Atualmente trabalham só dois fornos; dois outros estão já montados e o último
se acha em construção. Cada forno faz uma operação em 3 horas ou 8 operações em
24 horas, dando 1 tonelada de ferro em barras; isto é, 125 quilogramas por
operação, repartidos em 5 barras quadradas de 6 centímetros de lado, pesando em
média 25 quilogramas cada uma. A produção diária total é por conseguinte de 2
toneladas.
Os fornos são munidos de aparelhos de aquecimento do sistema Calder e os gases
ainda quentes passam a redor da caldeira que fornece o vapor necessário ao
martelo-vapor para se escaparem depois pela chaminé. O aparelho de um dos
fornos que não trabalha serve por enquanto para aquecer o vento soprado no
gasógeno do forno de caldeamento. Este gasógeno de cuba utiliza como combustível
os resíduos em pó e miúdos de carvão de madeira impróprios para o forno. O
martelo-vapor é de duplo efeito; seu peso é de 1,5 tonelada e seu levantamento
é de um metro; serve para esbravejar (forjar) as bolas e lupas. O laminador
serve para espichar as barras quadradas depois de caldeadas no forno de
reverbero para obter o ferro em barras de diversos perfis.

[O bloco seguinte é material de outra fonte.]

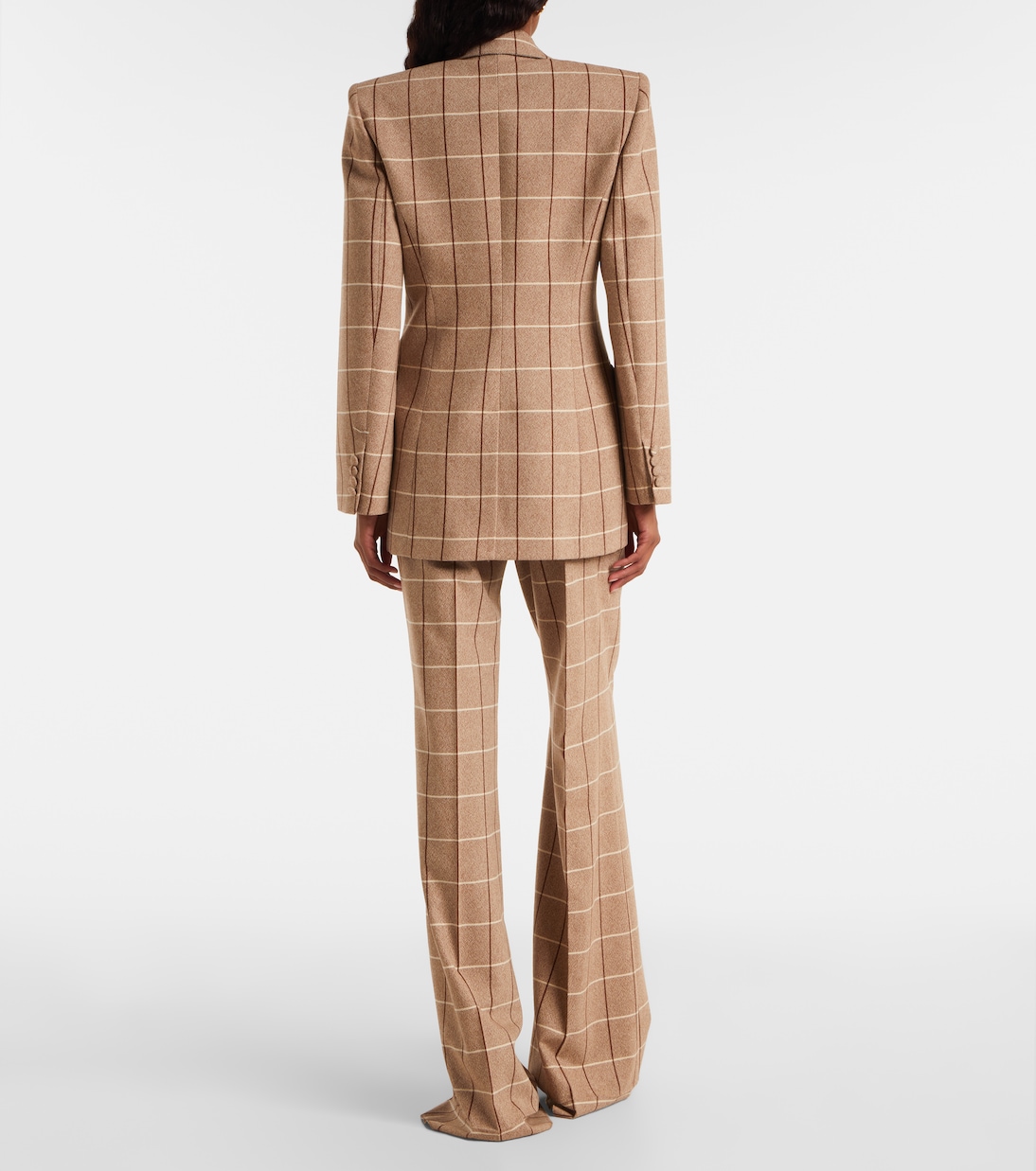 Checked double-breasted virgin wool blazer | Valentino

As águas passam com uma altura de queda de 16 metros numa turbina horizontal de
força de 600 cavalos-vapor. Esta turbina serve por enquanto para mover o
laminador e o ventilador Roth que sopra o vento nos diversos fornos, além disso
ela servirá para mover diversos outros maquinismos ainda não montados, como um
laminador para fabricação de enxadas, máquinas de fazer machados, ferraduras,
pregos etc. A oficina, que ocupa uma superfície de 75 metros de comprimento
sobre 31 metros de largura, estará completamente acabada no fim de maio próximo, segundo espera o Dr.Francisco Monlevade, encarregado da construção e da
direção deste novo e interessante estabelecimento".